In futuro vorrei estendere la produzione bio alla totalità dei terreni messi a coltura e vorrei certificare il prodotto con un sistema di blockchain. A riguardo sto valutando il fabbisogno finanziario per la realizzazione di un impianto IoT con sensori che rilevino i parametri fisico-chimici del terreno e che permettano interventi di precisione sulla pianta. Purtroppo queste tecnologie sono costose da implementare, soprattutto a causa della frammentazione degli appezzamenti sul territorio che non permetterebbe all’investimento di coprire tutto il volume della produzione.
Penso però che gli sforzi da fare non siano non solo di natura economica, ma anche culturale: per incrementare un’agricoltura più smart sul mio territorio serve più associazionismo e la volontà di fare rete tra imprese, queste due azioni porterebbero a un ingente risparmio sull’implementazione di sistemi di produzione sempre più integrati e automatizzati. Il vantaggio di conversione in smart factory, oltre a migliorare la qualità del prodotto e altri aspetti legati al processo operativo, consentirebbe anche di alleggerire i carichi di lavoro dei miei collaboratori, aspetto a cui tengo particolarmente.

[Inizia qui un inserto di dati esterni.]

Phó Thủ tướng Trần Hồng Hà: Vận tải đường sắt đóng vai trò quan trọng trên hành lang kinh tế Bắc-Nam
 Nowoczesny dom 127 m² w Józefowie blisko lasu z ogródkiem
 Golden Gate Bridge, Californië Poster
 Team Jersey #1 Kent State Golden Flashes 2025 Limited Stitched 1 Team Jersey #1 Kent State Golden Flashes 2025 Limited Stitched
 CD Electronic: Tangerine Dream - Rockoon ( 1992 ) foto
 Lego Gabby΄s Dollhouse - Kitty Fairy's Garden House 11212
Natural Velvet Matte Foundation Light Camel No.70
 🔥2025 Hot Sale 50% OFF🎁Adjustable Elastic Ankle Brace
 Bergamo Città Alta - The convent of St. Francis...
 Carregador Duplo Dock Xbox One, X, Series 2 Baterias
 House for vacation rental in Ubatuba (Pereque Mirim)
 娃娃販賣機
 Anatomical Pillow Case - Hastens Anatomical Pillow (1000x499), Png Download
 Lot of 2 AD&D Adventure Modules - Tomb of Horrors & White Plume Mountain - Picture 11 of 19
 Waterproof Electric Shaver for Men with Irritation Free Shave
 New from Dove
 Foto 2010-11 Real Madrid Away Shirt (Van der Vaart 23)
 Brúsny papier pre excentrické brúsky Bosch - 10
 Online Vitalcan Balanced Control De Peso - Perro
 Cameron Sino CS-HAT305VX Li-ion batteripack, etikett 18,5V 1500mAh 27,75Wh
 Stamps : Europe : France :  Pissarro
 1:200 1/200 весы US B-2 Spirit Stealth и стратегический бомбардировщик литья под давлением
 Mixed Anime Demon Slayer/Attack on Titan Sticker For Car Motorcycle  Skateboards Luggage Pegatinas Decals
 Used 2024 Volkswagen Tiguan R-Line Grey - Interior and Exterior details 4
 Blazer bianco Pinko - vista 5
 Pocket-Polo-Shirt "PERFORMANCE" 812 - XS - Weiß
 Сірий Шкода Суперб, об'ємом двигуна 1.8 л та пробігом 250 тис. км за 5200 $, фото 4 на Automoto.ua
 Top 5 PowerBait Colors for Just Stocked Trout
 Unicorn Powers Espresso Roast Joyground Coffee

Inoltre, in chiave di economia circolare, mi piacerebbe utilizzare i rifiuti organici per la creazione di bio-plastiche, più resistenti e meno inquinanti, da utilizzare nel confezionamento dei pacchi da spedire.
Un altro progetto in cantiere è la realizzazione di una linea di prodotti skin care a base di olio di oliva, sto lavorando alla formulazione di questi prodotti con un’azienda locale che produce cosmetici naturali.
Record produttivi dell’azienda Latorrata
Fatturato 2020
143mila euro, di cui 130mila sul mercato nazionale e 13mila sul mercato internazionale (11.700 euro Germania e 1.300 euro Svizzera).
Produzione 2020
145mila Kg di olive, otre 16mila litri di olio evo.
Coltura di oliva Coratina: 6 ha;
Coltura di oliva Leccina: 7 ha;
Coltura di oliva biologica multicultivar: 8 ha.